A few years prior to this album, in the midst of trying to bring compilation album Tarkan and Şımarık to a worldwide audience, Tarkan - by this point already nicknamed megastar and the most popular male singer in Turkey - and Ahmet Ertegün, founder of Atlantic Records, had planned, then broken off conversations around a possible American debut. Both cited creative disagreements as the cause. Ertegün had asked Tarkan to stick to sounds more familiar to the American audience: hip hop and rnb. “I wanted to protect the Turkish spirit and the Mediterranean warmth,” Tarkan had said later in an interview, “and combine it with sounds the West is already familiar with, but as a different style.”

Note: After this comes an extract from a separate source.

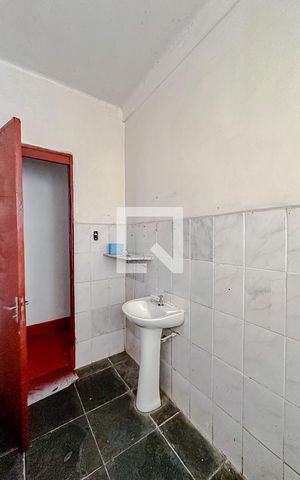 Apartamento para alugar com 54m², 2 quartos e sem vagaBanheiro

On Karma, his vision came to full fruition. It is a record in which a healthy synthesis of different musical styles all over the world could exist without veering off into cultural appropriation territory. It’s a very deeply Turkish record, yet it opens itself up to foreign listeners, so ahead everything that came out at the time, so clear-eyed in what it wants to be and present itself as. Due to issues with Polygram — now Universal — the release of this record got delayed in Europe, stalling the progress Tarkan had made before. Still, this marks Tarkan’s strongest artistic statement at the peak of his popularity and powers. He would never go back to long hair again, no longer dance flamboyantly in the desert, instead going for a suit and close-cropped hair, displays of stereotypical masculinity. And though Tarkan will never see a bad album sales day ever again, it’s factually impossible to recreate what Karma holds in his discography. The album has become part of the fabric of the elusive 00s Turkey, the one that won Eurovision and got third on the World Cup and didn’t invade Iraq due to protests. A Turkey that thought it could seriously join the European Union, open to the world at large, where I’d hear how much my classmates and other adults enjoyed popular tourist spot Antalya. An open, democratic Turkey — like Tarkan’s voice vocalizing with the electronic percussion at the end of Verme, it sways into the mist of oblivion, more and more obscure by the day, a gold standard that we do not see ourselves in any longer. In his interview in the show Frekans for CNN Türk, nineteen years ago, Tarkan is asked about what politicians should focus on instead of having an opinion of him. “The economic crisis,” Tarkan answers. He might as well be talking about today.